Shrimp, Egg and Veg Fried Rice
Serves 2-3 (2x large portions, or 3 smaller portions)
1/2 cup frozen cooked and peeled shrimp
2 garlic cloves, minced
2 tsp freshly grated ginger
1 1/2 cup of day-old or leftover rice
2 cups mixed finely chopped veggies (e.g. carrot, peas, broccoli…)
1 spring onion, white and green parts finely sliced and separated*
2-3 tbsp soy sauce, to taste**
1/4 tsp salt
2 tsp sesame oil
Optional: chili flakes, sesame seeds
Fried rice comes together quickly - so aim to prepare all your ingredients first, as above, so you’re good to go!
Add a light drizzle of oil to a wok or large fry-pan and heat to a medium-low. Add a drizzle of oil and over a medium heat and then cook shrimp. Avoid overcooking - aim for them to be pink, but still a little translucent. Remove from pan and keep to the side.
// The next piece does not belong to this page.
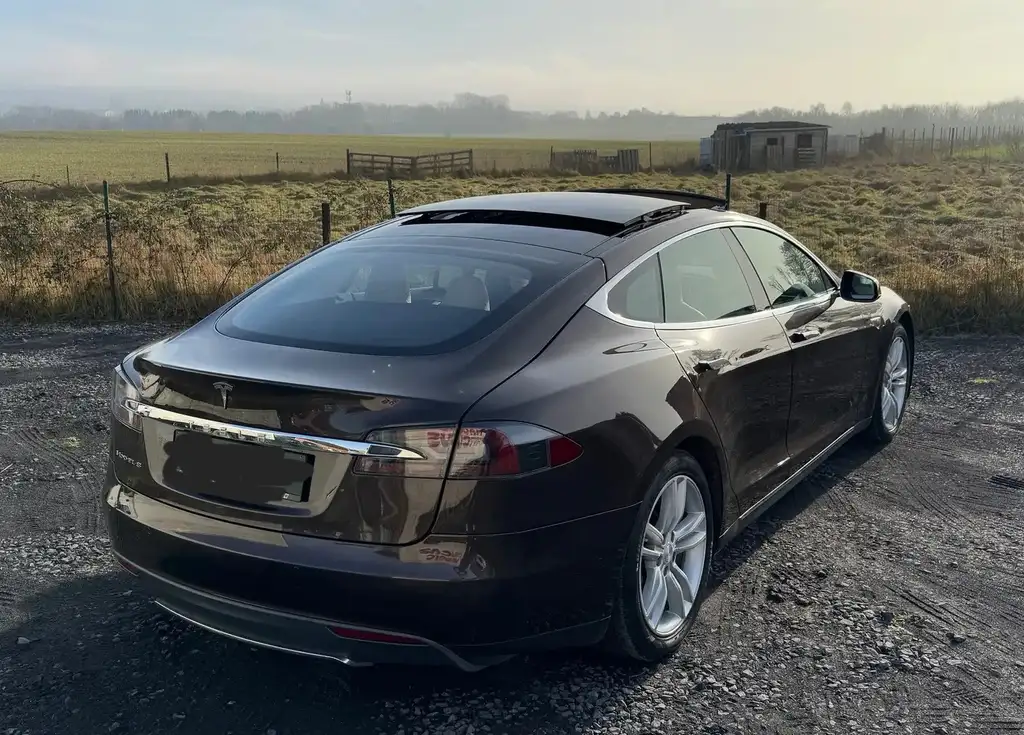 Tesla Model S 85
Wipe down/clean wok if needed. Add a light drizzle of oil to wok. Add ginger and and garlic, and sauté over low heat for a few minutes.
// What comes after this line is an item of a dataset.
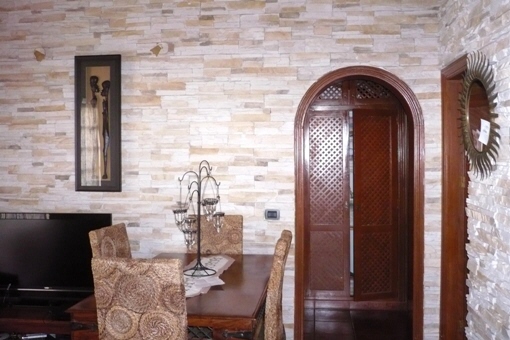 Pared de piedra en el salón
Turn up the heat to high. Add leftover rice, the vegetables and the white part of the spring onion. Stir-fry for five minutes or until the veggies are just cooked (and still have a slight bite) - make sure to continuously move the mix around the pan as you go!
Push rice to the side and add the whisked eggs into the pan and scramble, breaking up as you go into bite-size pieces.
Add the green part of the spring onion, soy sauce, salt, shrimp, egg and chilli flakes if using, to the pan and stir-fry for a few minutes.
Turn off heat. Add the sesame oil and mix well. Serve immediately. Garnish with sesame seeds if desired.
* I find using kitchen scissors easy-peasy to cut through the green of the spring onion.
**If you’re gluten-free use a gluten-free soy sauce or Tamari. Traditional soy sauce is made from four main ingredients: soybeans, wheat, salt and water. Tamari is made with soybeans, but little to no wheat, depending on the brand (make sure to carefully check label!).